It was an early January morning. The cold water lapped at our bare feet as the sun rose on Waiheke's Oneroa Beach.
Hundreds of locals stood in silent solidarity with Ngāti Pāoa as they placed rāhui on the collection of scallops, mussels, crayfish and pāua within one nautical mile of the island.
Waves collapsed into the karakia of the tohunga, human utterance meeting the raw power of the untamed sea we've so egregiously exploited.
One of the things that's always got me about mainstream Pākehā treatment of nature is our pretence that it's disconnected from us. When we talk about climate change, we're accustomed to talking about how we're hurting the planet. When we talk about devastating forests and oceans, we decry the extinction we inflict on the species we share the world with.
We so rarely talk about how any and all of this throws the very ecosystem we rely on, for our own survival, out of sync. The more that we hurt our natural world, the more we hurt ourselves: the air we need to breathe, the food we need to eat, the resources we depend on for life.
Recently I've started toying with my assumptions about sustainability, and where they come from. Western sensibilities say sustainability means having "a light footprint", "as small an impact as possible", and basically figuring out ways to perpetuate stuff that is identifiably harmful by making them slightly less so, or just banning human interaction with those things outright.
That thinking formed the basis of the Hauraki Gulf Marine Park Act 2000. Twenty-one years and several reports later, we've literally documented the degradation unfolding and the constant warnings issued along the way to decision-makers to just do something. Anything.
Since the turn of the century, we haven't increased the 0.3 per cent protected no-take zone. The anchors of "economic" consideration weigh disproportionately heavy in the legislation.
We're a long way off the consensus of international experts, who propose that at least 30 per cent of our oceans need to be protected if we're going to avoid fishery collapse, restore biodiversity, and build ocean resistance to climate change.
Earnestly following science as a Green MP, we campaigned on exactly that this election, as well as immediately phasing out the most harmful commercial fishing practices in the Hauraki.

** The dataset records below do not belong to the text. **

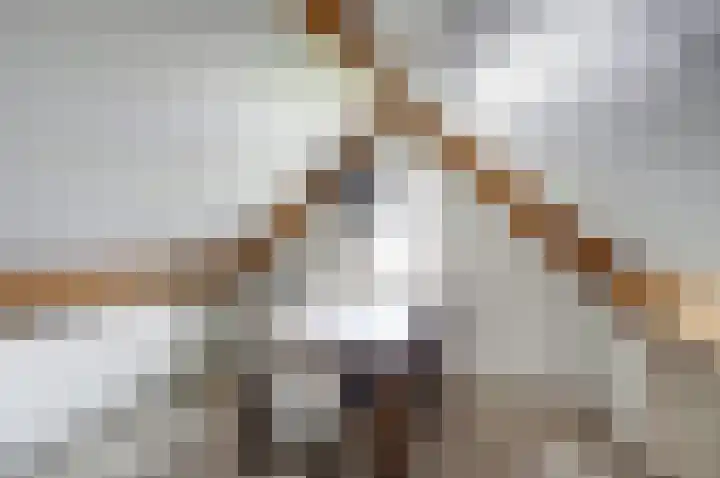 Huidenkopersgilde 2 Dronten thumbnail 27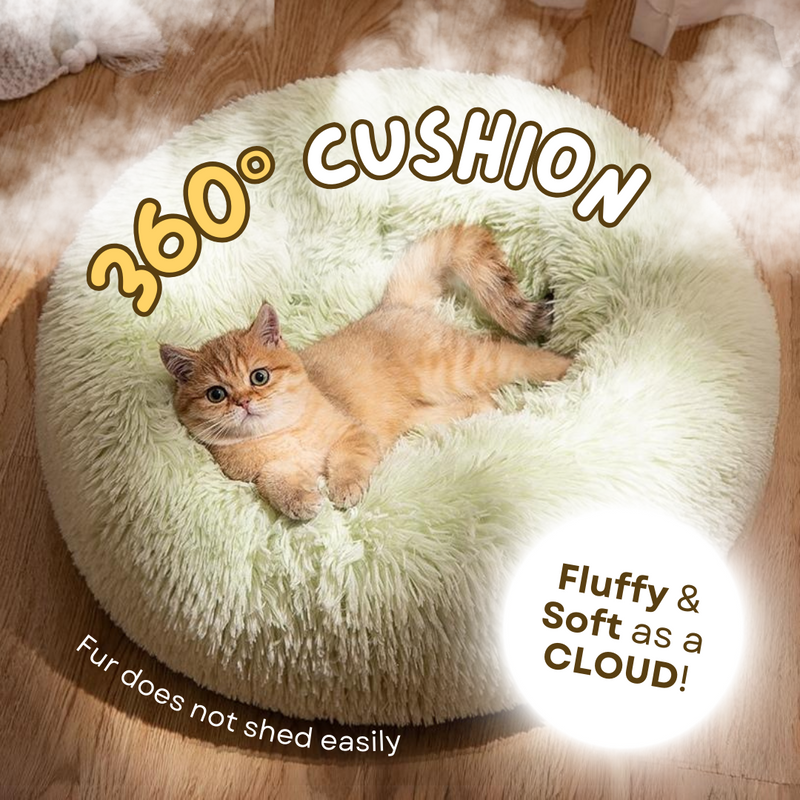 Cat Cloud Bed - Shop for less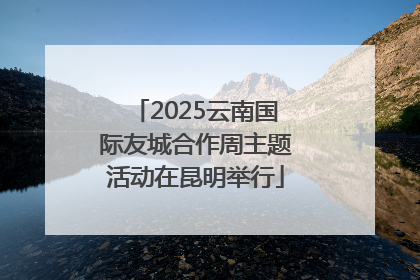 2025云南国际友城合作周主题活动在昆明举行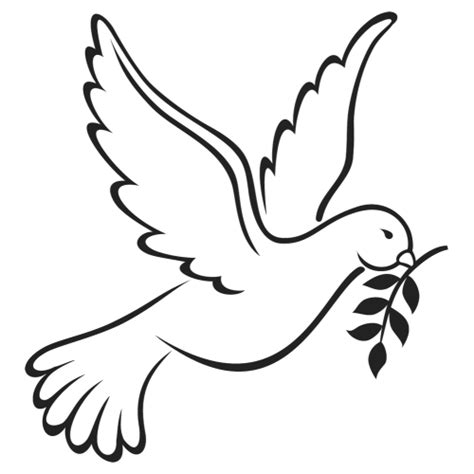 Download Columbidae Peace Symbols As Beak White Doves Hq Png Image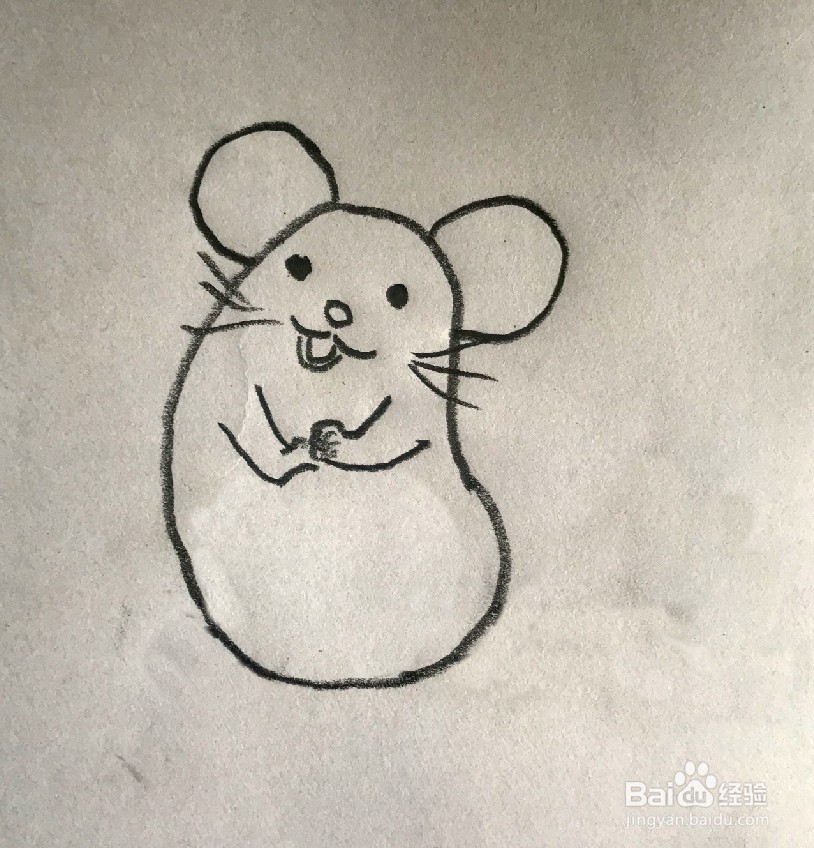 【简笔画】小老鼠的分步画法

While Western science says act now, mātauranga Māori has long felt the wairua of Tikapa Moana faces an imbalance. It's an inevitability with short-term focus on extracting as much as possible and ignoring nature's calls for respite from human tampering. Good governance would offer our ocean that reprieve, enabling restoration.
More holistically, Te Ao Māori is grounded in the interdependency of people and the planet we call home, and holds enlightenment light years ahead of the culturally deprived "sustainability" way of thinking I'd been raised with.

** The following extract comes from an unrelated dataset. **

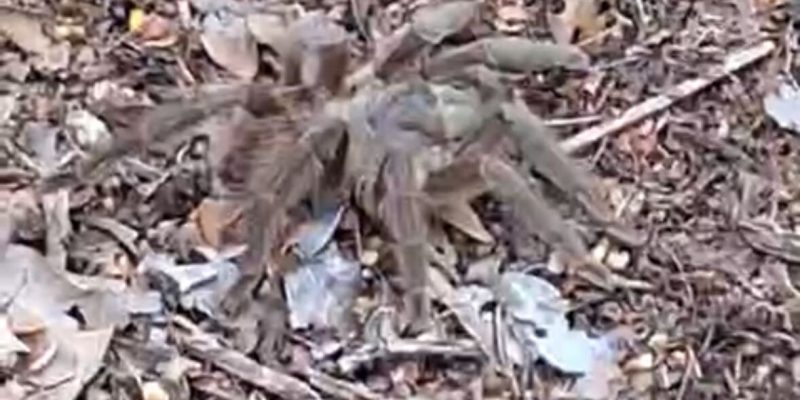 88c9c299-c85c-429d-be79-a0b85a24e0cc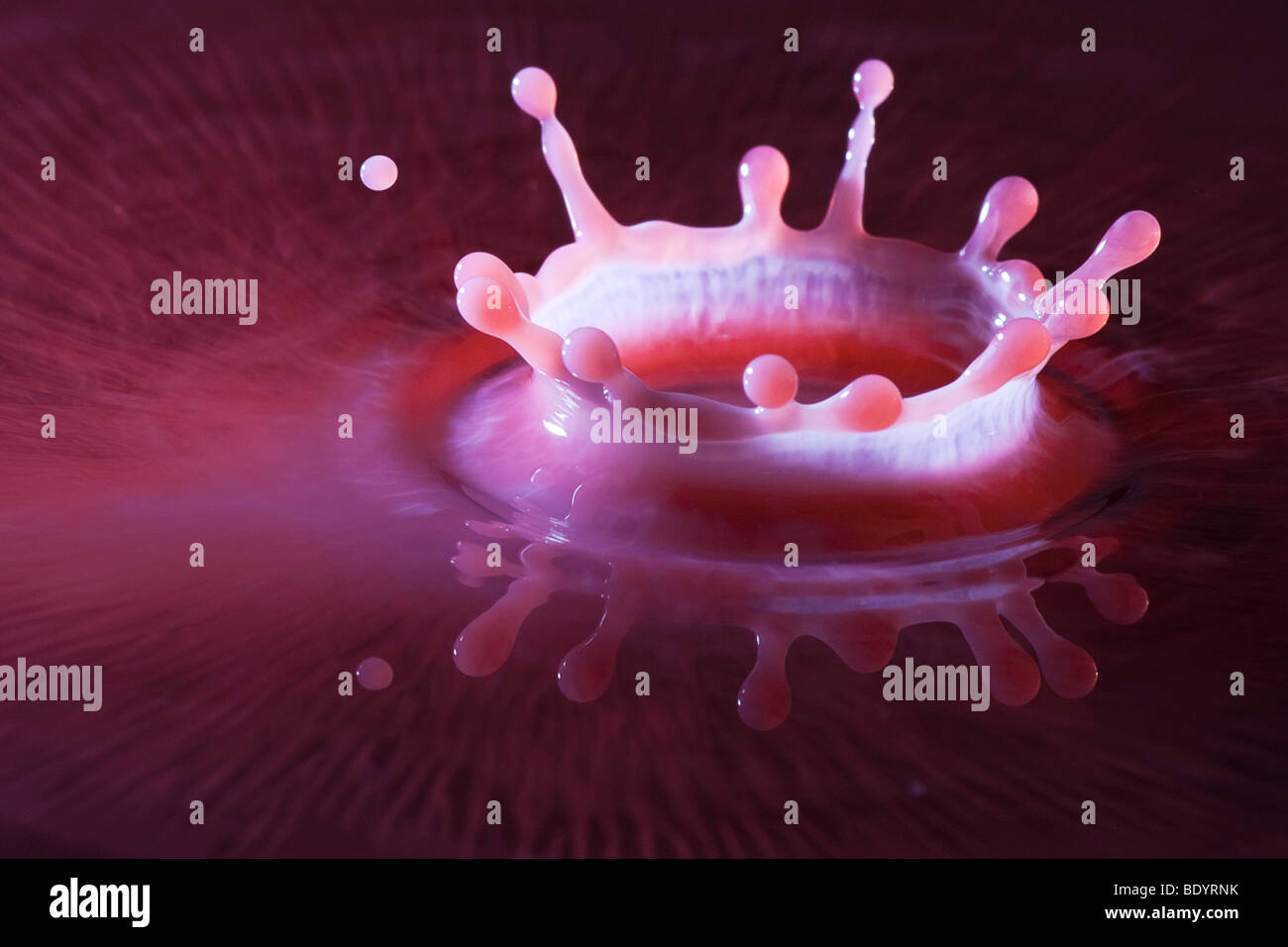 Gocce di acqua colorata e latte, una corona è formata in caso di urto Foto Stock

In absence of timely parliamentary political leadership, iwi and hapū step up time and time again. We saw it in Te Kawerau ā Maki Waitākere rāhui to stop the spread of kauri dieback. We see it in the few weeks Ngāti Pāoa escalated from discussing intervention to protect the Hauraki's health in the final few weeks of 2020, to the tohunga and kaumātua rolling up their trousers and placing the rāhui in the opening month of 2021.

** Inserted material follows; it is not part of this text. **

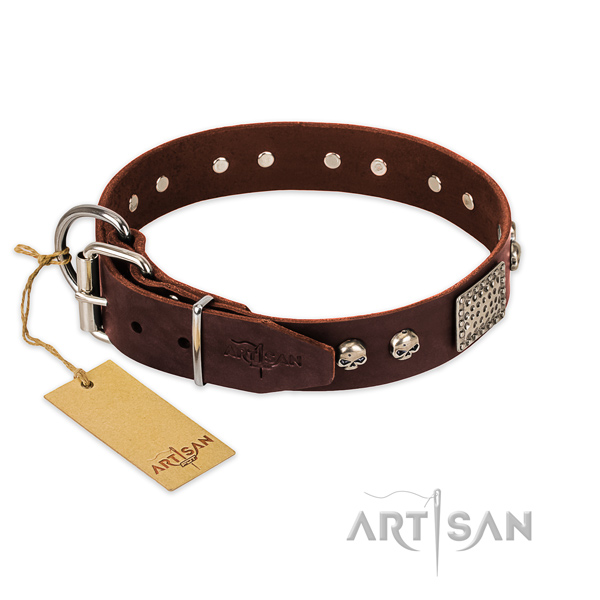 Rust-proof fittings on easy wearing dog collar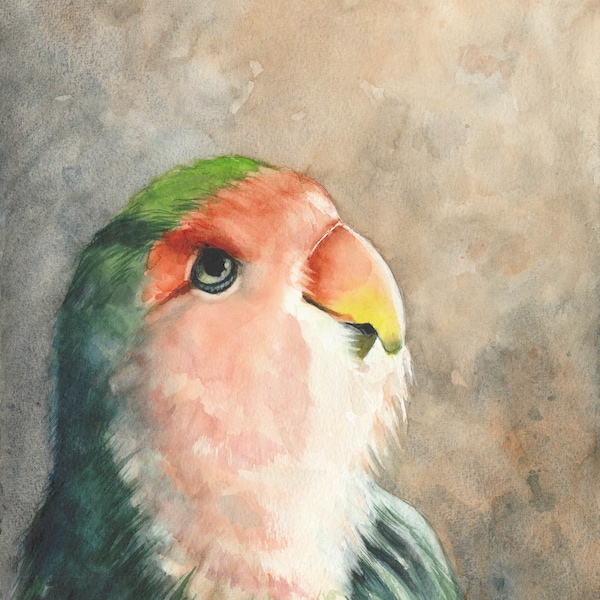 Kleiner Papagei Original handgemaltes Aquarell exotischer Vogel Kunst Gemälde Einzelstück, Studio Milamas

If we are committed to protecting and restoring the health of our environment, the rest of us need to step up and tautoko iwi and hapū-led solutions like these. What we can do right now, as a matter of immediacy, is submit in support of the Waiheke Rāhui to the Ministry of Primary Industries consultation on the temporary closure.
Systematic overhaul is well overdue. We know that. How do we get there? With steps like these, taken together, over and over again.
Toitū te marae a Tāne-Mahuta, Toitū te marae a Tangaroa, Toitū te tangata.